Neal Schon – The Calling – Recensione

Journey, Bad English, Hardline, Soul Sirkus…questa è solo una parte del curriculum di Neal Schon, mago delle sei corde proveniente da quella San Francisco che che lo ha portato al  grande successo. Come solista Neal ha già all’attivo diversi album strumentali, Piranha Blues (1998) e I On U (2005) su tutti, e quest’ultimo The Calling ricalca le orme dei precedenti aggiungendo al repertorio atmosfere Jazz, Rock fino ad arrivare a momenti fusion. La line up si avvale dell’amico Steve Smith (ex Journey) dietro le pelli, Igor Len alle tastiere e l’ospite Jan Hammer al Moog, presente solo in alcuni pezzi.
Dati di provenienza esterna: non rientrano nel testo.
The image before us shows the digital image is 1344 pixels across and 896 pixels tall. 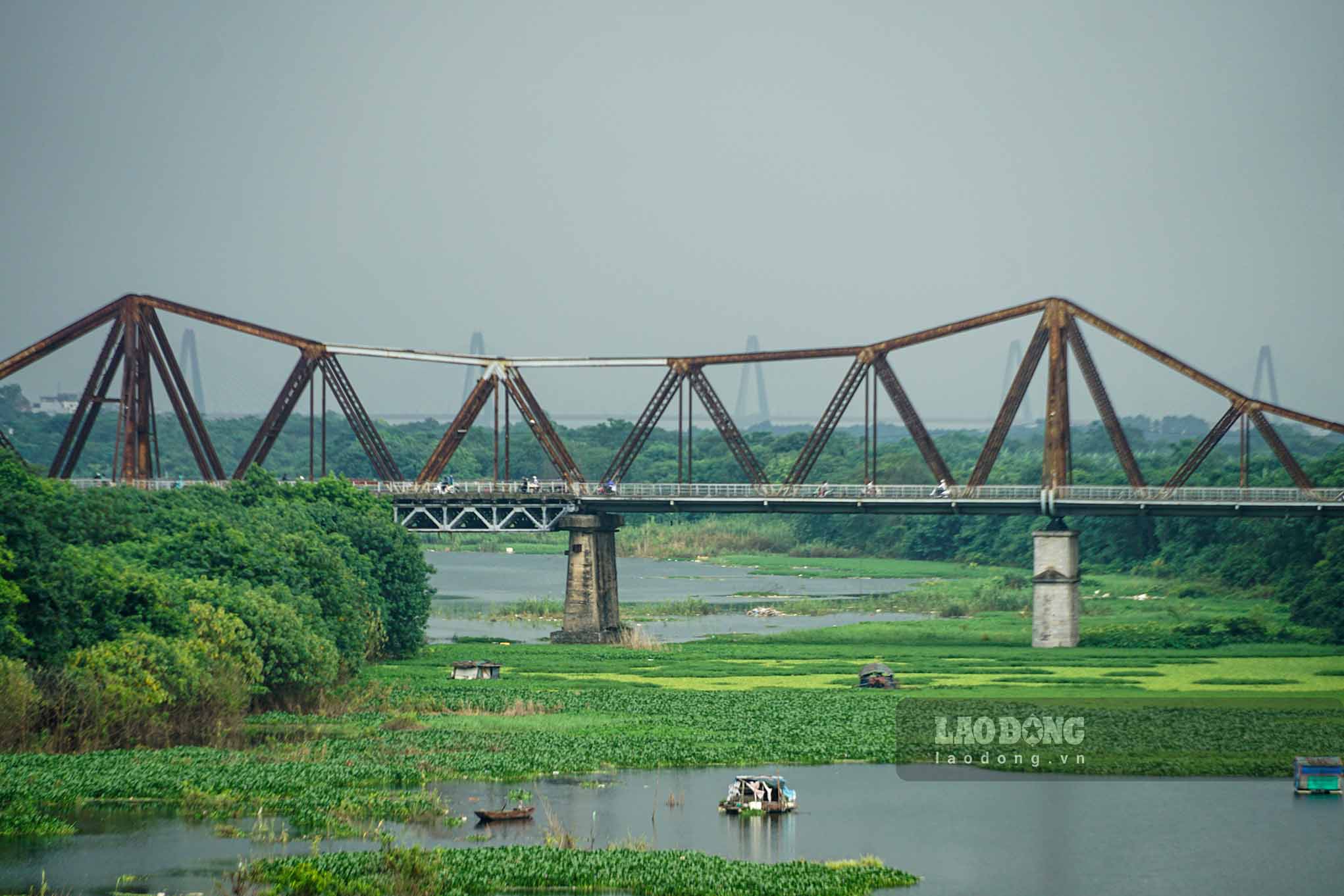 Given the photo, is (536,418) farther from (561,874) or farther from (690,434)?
(561,874)

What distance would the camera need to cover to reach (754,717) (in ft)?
266

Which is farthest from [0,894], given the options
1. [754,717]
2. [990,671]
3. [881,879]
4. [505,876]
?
[990,671]

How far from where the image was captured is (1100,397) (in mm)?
119875

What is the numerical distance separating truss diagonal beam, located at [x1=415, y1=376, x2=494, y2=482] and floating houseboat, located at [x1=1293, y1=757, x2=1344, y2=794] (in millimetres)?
76152

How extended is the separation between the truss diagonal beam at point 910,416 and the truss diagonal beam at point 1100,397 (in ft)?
35.7

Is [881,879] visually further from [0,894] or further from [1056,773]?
[0,894]

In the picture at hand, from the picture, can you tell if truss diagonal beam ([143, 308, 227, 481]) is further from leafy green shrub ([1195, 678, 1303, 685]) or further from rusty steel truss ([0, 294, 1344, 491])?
leafy green shrub ([1195, 678, 1303, 685])

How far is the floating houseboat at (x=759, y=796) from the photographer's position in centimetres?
6156

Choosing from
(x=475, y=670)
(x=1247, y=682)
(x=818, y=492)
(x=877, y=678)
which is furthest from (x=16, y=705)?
(x=818, y=492)

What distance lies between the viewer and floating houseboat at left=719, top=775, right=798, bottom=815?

Il full lenght si apre con la title track The Calling, un hard rock dal sapore settantiano nel groove e negli assoli e continua con Carnival Jazz, dove già il titolo la dice lunga; un pezzo con base jazz/rock dove Neal Schon si scatena in assoli veloci e riff tecnici. Six String Waltz ci porta su terreni devoti ai Journey; una ballad delicata e di pregevole fattura dove la chitarra sembra cantare. Bellissima. Il breve intermezzo Irish Field (solo chitarra) apre le porte a Back Smash dove il sound rock – settantiano la fa ancora da padrone, la batteria è incentrata sui piatti,un guitar-riff grosso e tastiere ottantiane si alternano ad assoli di chitarra elettrica e acustica veloci ma tecnici. Fifty Six (56) ha invece un intro orientaleggiante per poi sfociare in una jam pianoforte-batteria  jazz, intermezzata da una chitarra effettata ma sempre rock. True Emotion è la ballad strumentale per eccellenza; lenta, dolce con tastiere in sottofondo…da brividi. Tumbleweeds ritorna al sound più duro e hard rock ottantiano mentre Primal Surge ci riporta al sound della precedente Fifty Six (56) ma ancora più jazz/fusion nell’animo. Blue Rainbow Sky è una power ballad dal sapore blues-rock che lascia il segno dove Neal Schon ci rapisce con la chitarra. Transonic Funk con il suo moog  in primo piano fa scatenare le sei corde, mentre Song Of The Wind II chiude l’album facendoci sognare; Neal Schon prende le sembianze del suo “maestro” Santana per uno slow-rock con la chitarra e le tastiere che si intrecciano facendoci chiudere gli occhi e goderci questa esplosione di note….

IN CONCLUSIONE:

The Calling è un capolavoro della sei corde melodica. Niente virtuosismi o assoli superveloci, solo tecnica e capacità di trasmettere grandi emozioni. Un album che passa momenti jazz, rock, fusion e momenti dolci e sentimentali senza essere mai noioso o ripetitivo, rischio che un album totalmente strumentale può avere.